O texto alude à diferença genérica. A diferença é genérica ou específica? Dentro de um género, as diferenças entre as diferentes espécies - exemplo, no género animal - são específicas e não genéricas. Não é clara, pois, a alusão à diferença genérica - existe, de facto uma diferença entre os géneros, mas existem também as diferenças específicas no seio de cada género.
Sobre a definição, essência traduzida no plano verbal, Aristóteles sustenta, acima, que faz parte do próprio tal como o próprio. Há aqui uma certa ambiguidade, uma duplicação de sentidos de próprio: há o próprio substância (exemplo: este vaso de barro), que inclui a forma comum, não própria, que lhe veio de cima, e o próprio acidente (exemplo: este barro), que é a porção de matéria ordenada e individuadora, aquilo que é mesmo singular e único. Não esqueçamos que para Aristóteles, a matéria é o princípio da individualização, a concreção no máximo grau.
A relação entre a substância e o acidente desenrola-se no plano ontológico, do que é e do que não é: a substância é, o acidente é e não é. O acidente é algo mas não é intrínseco à substância - referimo-nos ao acidente extrínseco, como por exemplo, a esferográfica (acidente) pousada sobre a substância mesa. Quando se trata do acidente intrínseco à essência (exemplo: o piscar de olhos ou o sorrir de cada ser humano) a descontinuidade mantém-se como característica do acidente: este é descontínuo, ora acontece ora desaparece, e só a sua forma, em conexão necessária com a substância, o classifica como acidente intrìnseco à substância, ao próprio.

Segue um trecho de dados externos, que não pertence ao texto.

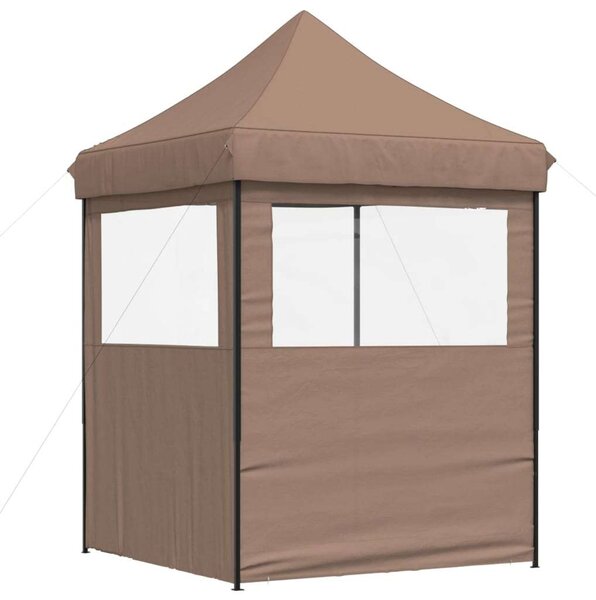 VidaXL Pop-up Rendezvénysátor - Barna - 2x2m
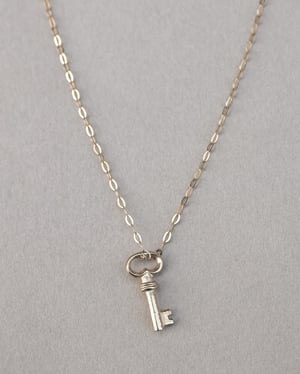 Image of *Sample Sale* 9ct gold, Tiny key necklace and bracelet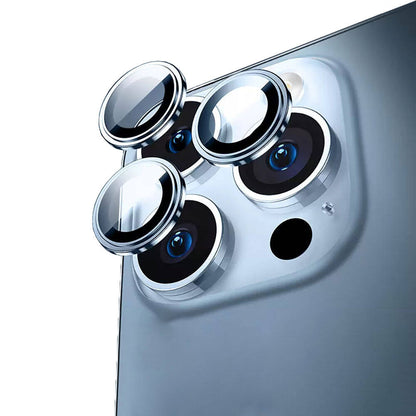 Apple iPhone 15 Pro Wiwu Lens Guard Metal Kamera Lens Koruyucu - Görsel 2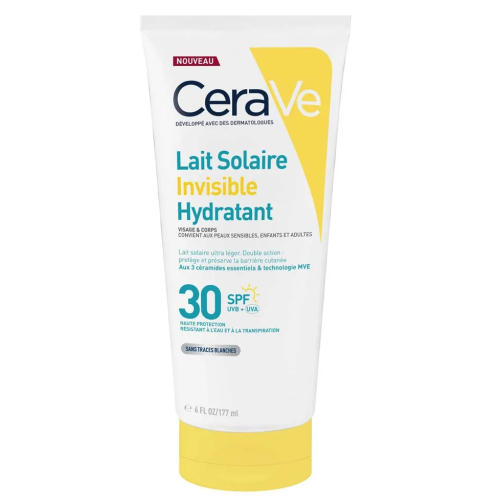 Lait Solaire Hydratant Invisible SPF30 177 ml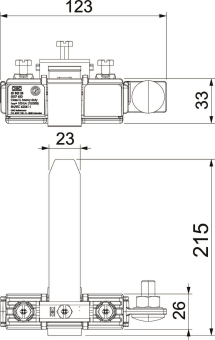OBO EX BES 28 Banderdungsschelle 
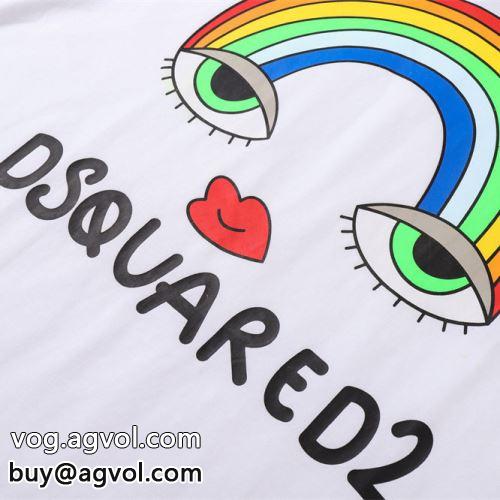 好評でした 魅力的  DSQUARED2コピー ディースクエアードコピー 2022 2色可選 半袖Tシャツ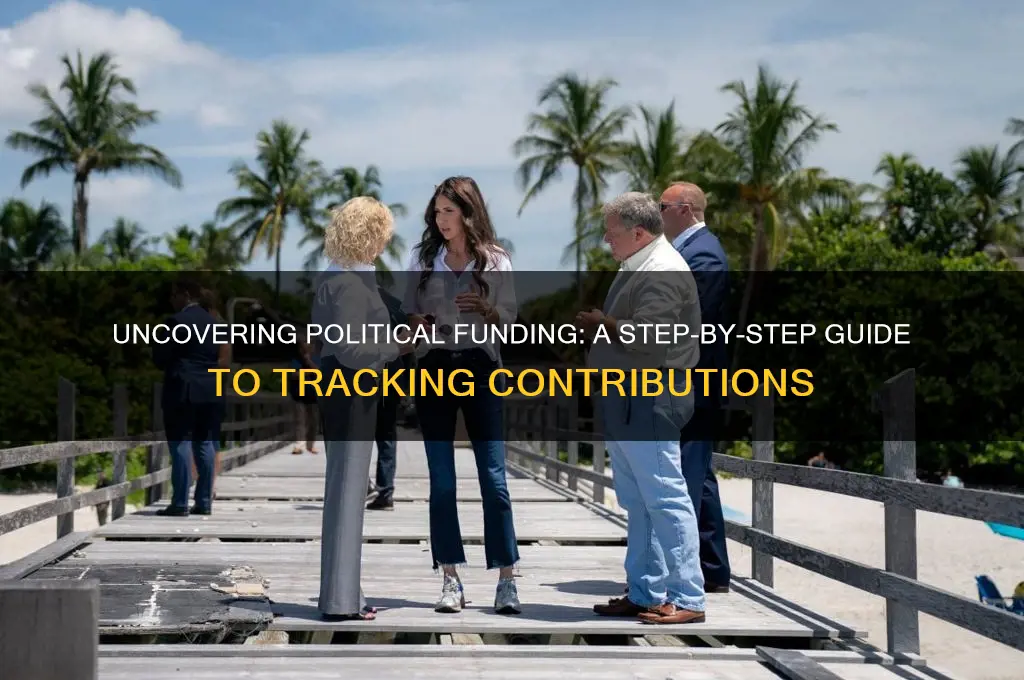 how to search political contributions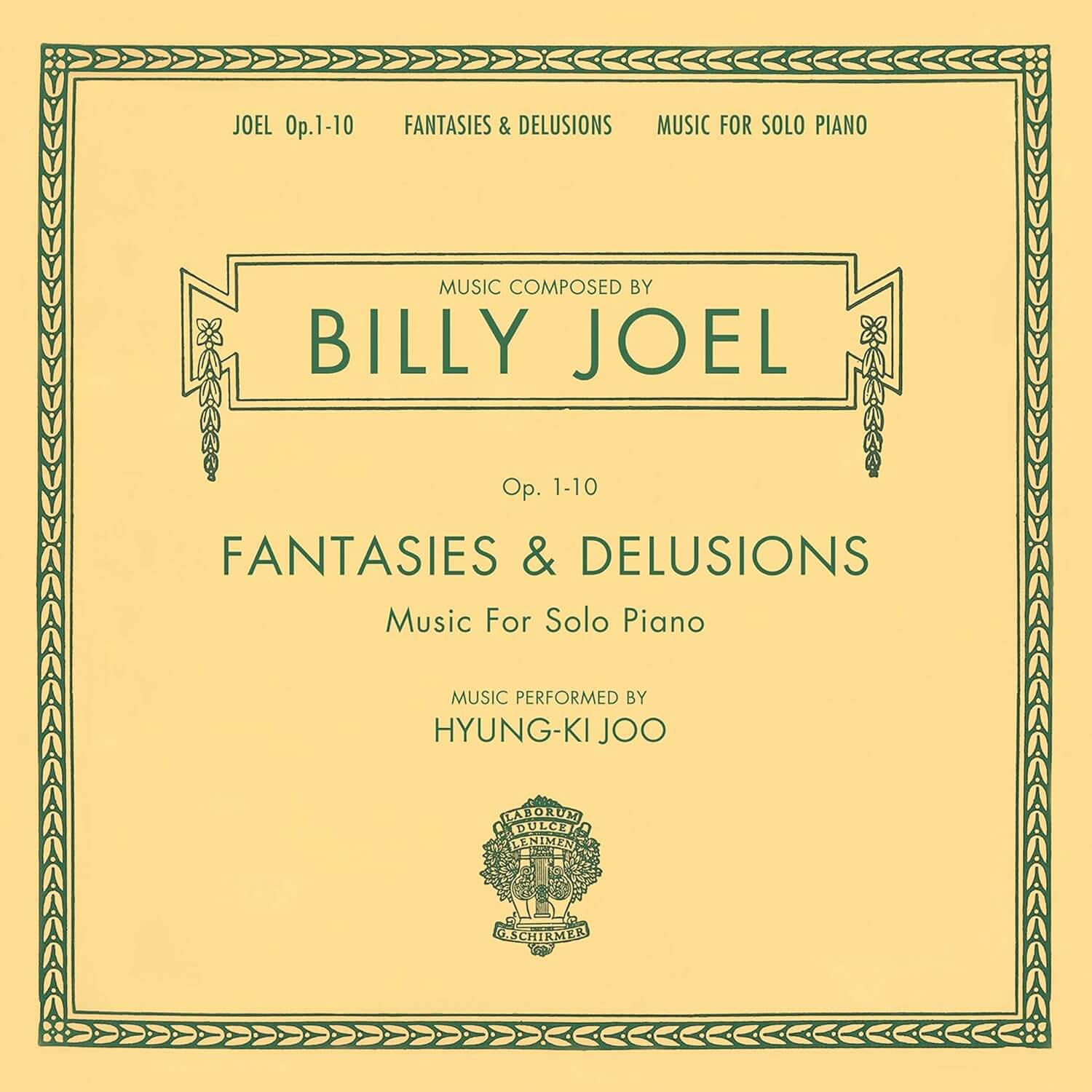 Billy Joel - Fantasies & Delusions (Opus 1-10 Music For Solo Piano) - Vinyl LP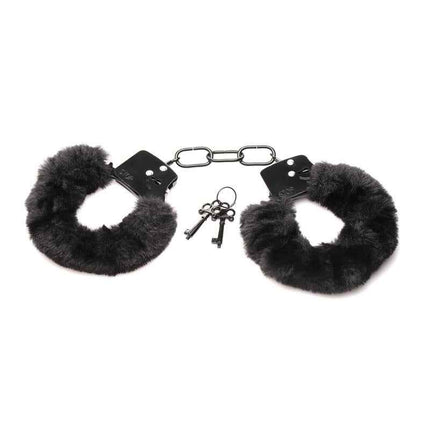 Furry Handcuffs Black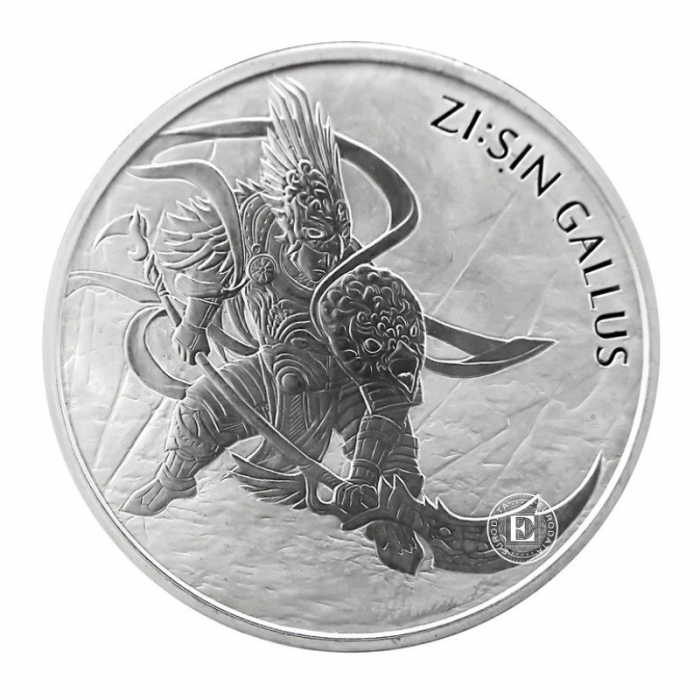 1 oz (31.10 g)  srebrna moneta Zi: Sin Gallus, Korea Południowa 2017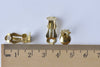 20 pcs Raw Brass 8mm Bezel Cup Ear Clips Findings A8741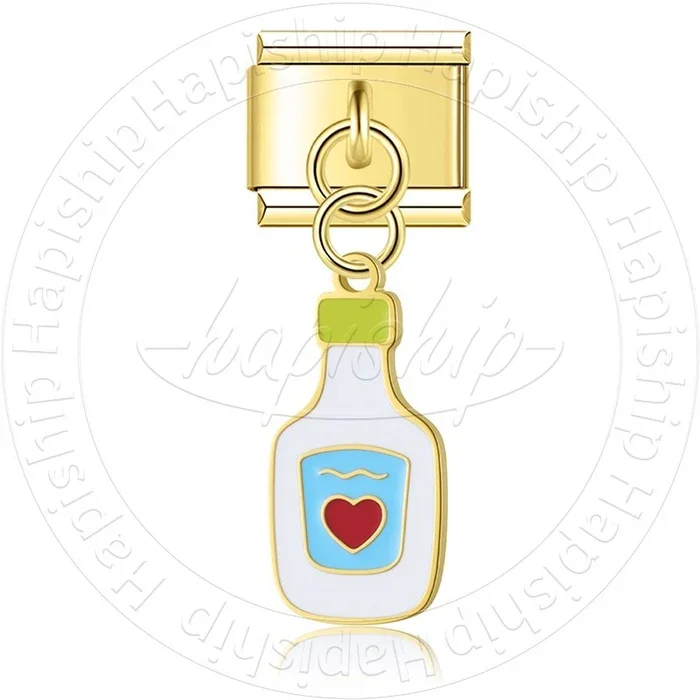 Football and Gold Sports Italian Charms - Image 14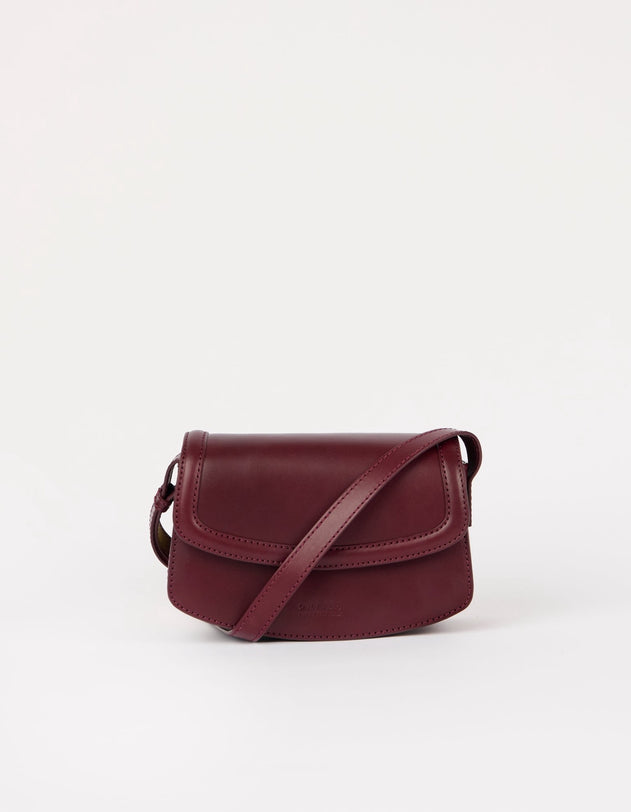 Kendalini Bag Classic Leather Dark Cherry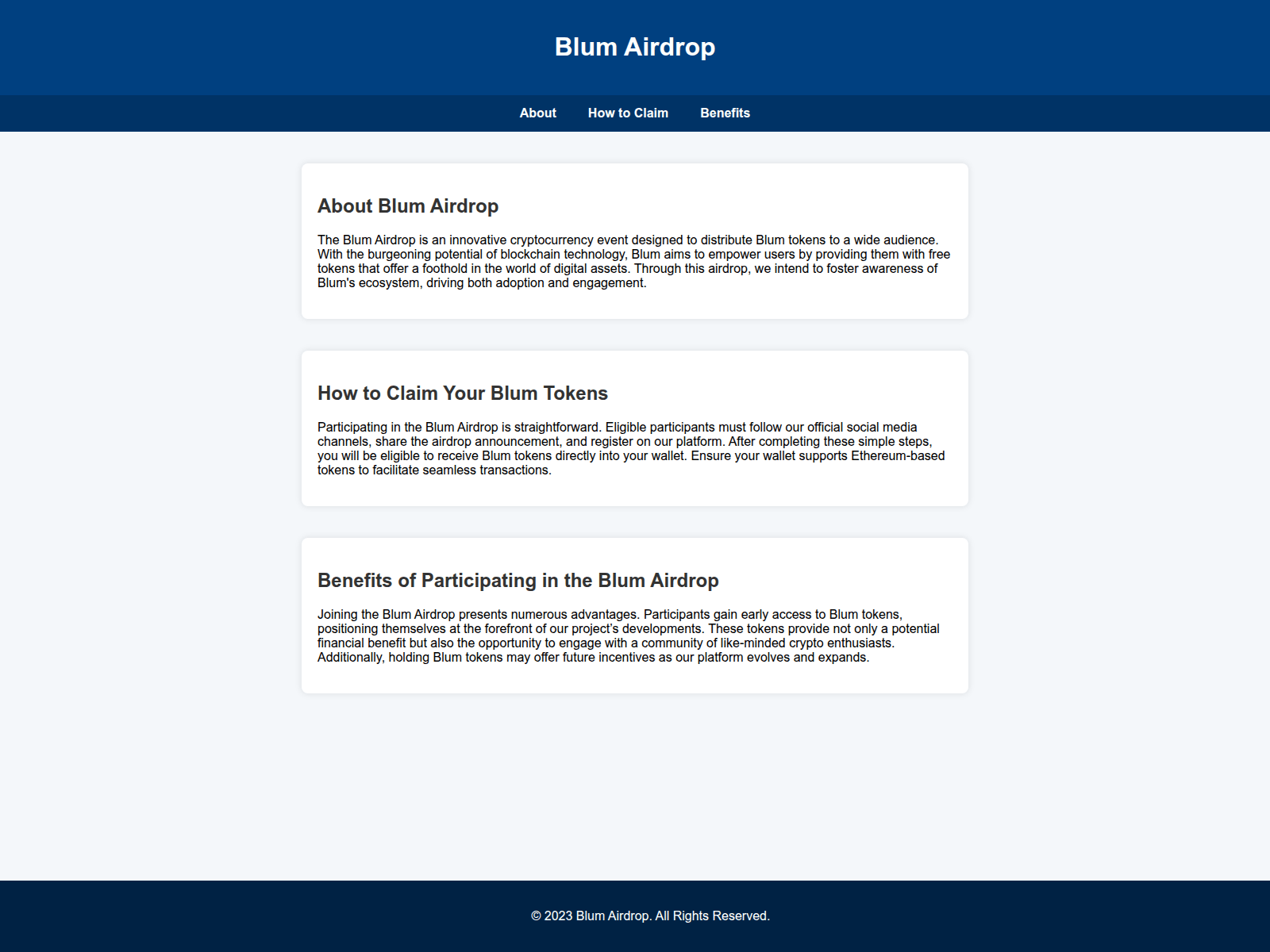 Screenshot of airdrop-blum.live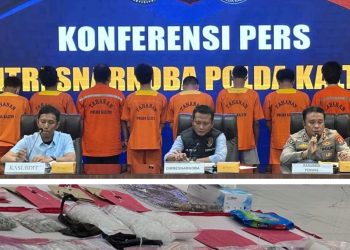 Polda Kaltim Tangkap 10 Pengedar Narkoba, Sita 3.598 Gram Sabu dan 3.035 Butir Ekstasi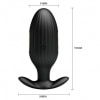 Pretty Love Jefferson — Dop Anal 12 Vibrații + 3 Electro Negru Thumb 6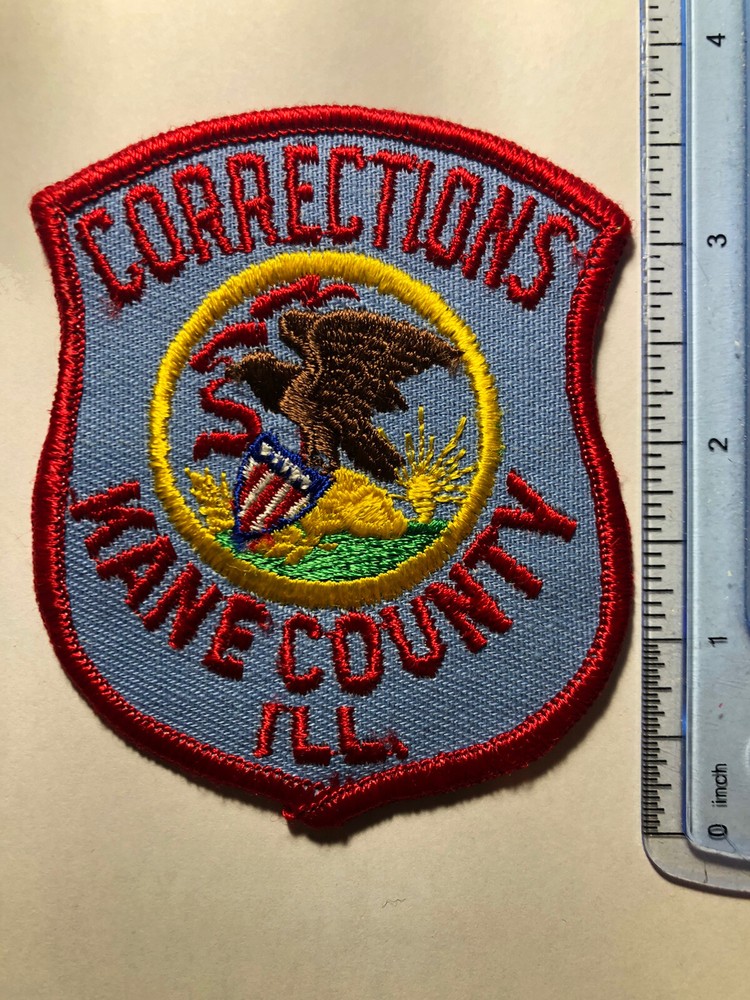Vintage Cane County Illinois Corrections Patch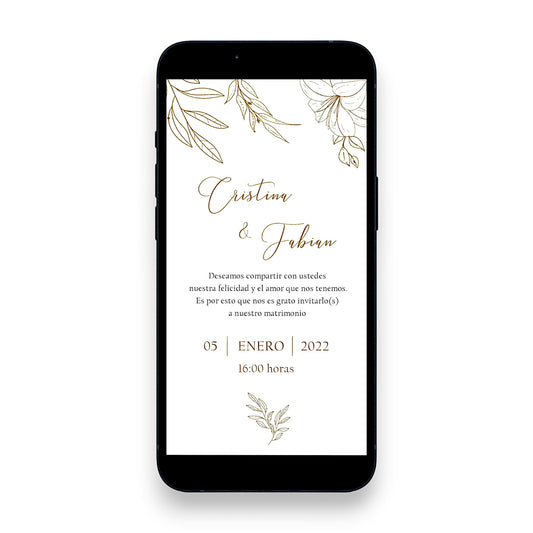 Invitación Digital Plus (cód. D008)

A essência é, sempre, captada por abstracção, imprescindível no plano filosófico e científico; a essência existe misturada com a existência, com o existir ou ser puro.
Mas a relação entre o género, a essência-definição e o próprio - este entendido como substância, isto é, um composto de forma e matéria - desenvolve-se primariamente, não no plano ontológico, mas no plano eidológico, que é um plano formal concreto.
Assim, o termo próprio encontra-se na encruzilhada do seu duplo sentido: é o que é (tó on) - sentido ontológico em comparação com o acidente - e é o quê é (tó tí)- sentido eidológico, que lhe é dado pelo facto de ser constituido por uma forma individual participada pela forma-espécie-definição e pelo género.
O aparente paradoxo da concepção aristotélica é o de duas entidades não individuais mas colectivas - a forma comum (definição) ou espécie e a matéria-prima (Hylé) - forjarem entes individuais concretos ao unirem-se, sendo a matéria o princípio da individuação.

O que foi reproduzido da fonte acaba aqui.